Und Jochen Rindfrey (Babyblaue Seiten) schreibt weiter:
« Gerade diese Mischung macht die
Faszination der Musik von Rhùn aus, einerseits die streng disziplinierten kammermusikalischen Passagen, andererseits die
wilden, manchmal von geradezu punkiger Rohheit geprägten Zeuhl-Exzesse. Eine ganz faszinierende Kombination!
Rhùn haben sich mit Ïh locker an die Spitze der Zeuhl-Bewegung, ach was, an die Spitze des avantgardistischen Progressive Rock katapultiert. Ein starkes Album! »

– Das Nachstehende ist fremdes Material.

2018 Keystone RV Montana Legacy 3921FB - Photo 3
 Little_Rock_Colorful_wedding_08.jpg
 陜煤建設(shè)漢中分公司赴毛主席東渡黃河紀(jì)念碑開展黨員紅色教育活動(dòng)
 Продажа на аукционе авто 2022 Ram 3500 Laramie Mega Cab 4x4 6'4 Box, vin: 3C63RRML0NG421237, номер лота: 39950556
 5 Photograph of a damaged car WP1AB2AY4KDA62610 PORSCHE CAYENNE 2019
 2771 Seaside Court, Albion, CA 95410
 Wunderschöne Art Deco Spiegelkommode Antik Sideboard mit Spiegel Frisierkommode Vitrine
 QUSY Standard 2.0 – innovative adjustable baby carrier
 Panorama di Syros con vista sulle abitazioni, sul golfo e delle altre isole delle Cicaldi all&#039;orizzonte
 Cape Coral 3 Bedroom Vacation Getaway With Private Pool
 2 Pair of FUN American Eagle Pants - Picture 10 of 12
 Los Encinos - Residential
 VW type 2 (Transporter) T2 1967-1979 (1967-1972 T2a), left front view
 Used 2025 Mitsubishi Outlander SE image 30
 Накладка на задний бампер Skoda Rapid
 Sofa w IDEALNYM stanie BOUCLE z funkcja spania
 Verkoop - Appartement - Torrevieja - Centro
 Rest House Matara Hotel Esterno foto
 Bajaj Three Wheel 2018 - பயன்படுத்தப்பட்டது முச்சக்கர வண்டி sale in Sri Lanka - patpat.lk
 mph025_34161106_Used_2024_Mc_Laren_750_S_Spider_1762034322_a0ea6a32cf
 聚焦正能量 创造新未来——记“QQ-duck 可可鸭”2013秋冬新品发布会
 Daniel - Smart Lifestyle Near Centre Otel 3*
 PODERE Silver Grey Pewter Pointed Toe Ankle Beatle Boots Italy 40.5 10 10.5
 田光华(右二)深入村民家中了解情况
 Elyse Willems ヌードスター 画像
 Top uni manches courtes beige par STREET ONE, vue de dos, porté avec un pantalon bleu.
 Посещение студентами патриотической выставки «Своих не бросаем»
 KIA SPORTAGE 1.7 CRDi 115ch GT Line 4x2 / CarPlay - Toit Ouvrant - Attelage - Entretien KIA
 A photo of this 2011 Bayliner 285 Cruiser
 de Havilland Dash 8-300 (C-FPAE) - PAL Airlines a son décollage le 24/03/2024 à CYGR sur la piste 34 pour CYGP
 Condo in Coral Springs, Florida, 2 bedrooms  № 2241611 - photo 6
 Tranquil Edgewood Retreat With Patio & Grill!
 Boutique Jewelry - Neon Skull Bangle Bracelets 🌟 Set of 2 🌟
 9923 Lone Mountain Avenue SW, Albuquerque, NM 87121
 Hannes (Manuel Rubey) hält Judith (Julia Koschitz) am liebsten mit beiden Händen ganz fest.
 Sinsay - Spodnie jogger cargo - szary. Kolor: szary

Salt of Tusj (SOT) - Norwegen
Besetzung
Skjalg Reithaug
Gitarre
Anders Hunstad
Schlagzeug
Lars Andreas Haug
Tuba, Trompete, Saxophon, Posaune
Jochen Rindfrey in seiner Rezension des Debütalbums Kind of Saltz auf den Babyblauen Seiten:
« Das Sahnehäubchen dieser Musik
ist aber der erwähnte Lars Andreas Haug, der seiner Tuba die wunderbarsten Klänge entlockt, die weit über simples
Humtata hinaus gehen. (...) Zu keinem Zeitpunkt besteht dabei die Gefahr, dass der Tuba-Einsatz zum billigen Effekt
verkommt, der nach einiger Zeit ermüden würde, dafür spielt Lars Andreas Haug viel zu virtuos, kostet das volle
Klangspektrum seines Instruments aus. Neben der Tuba greift Herr Haug gelegentlich auch zu Trompete oder Sopransaxophon,
was zusätzliche Klangfarben in die Musik bringt. Von einigen, meist textlosen Stimmeinsätzen abgesehen, ist die Musik
instrumental. »
Progrock-dt-Redakteur Julian fügt noch hinzu:
« Das Schöne dabei an der Tuba:
selbst wenns ihr mal schräg entfleuchen sollte, ihr mütterlich-warm umarmender Grundklang quält einfach nicht das Ohr.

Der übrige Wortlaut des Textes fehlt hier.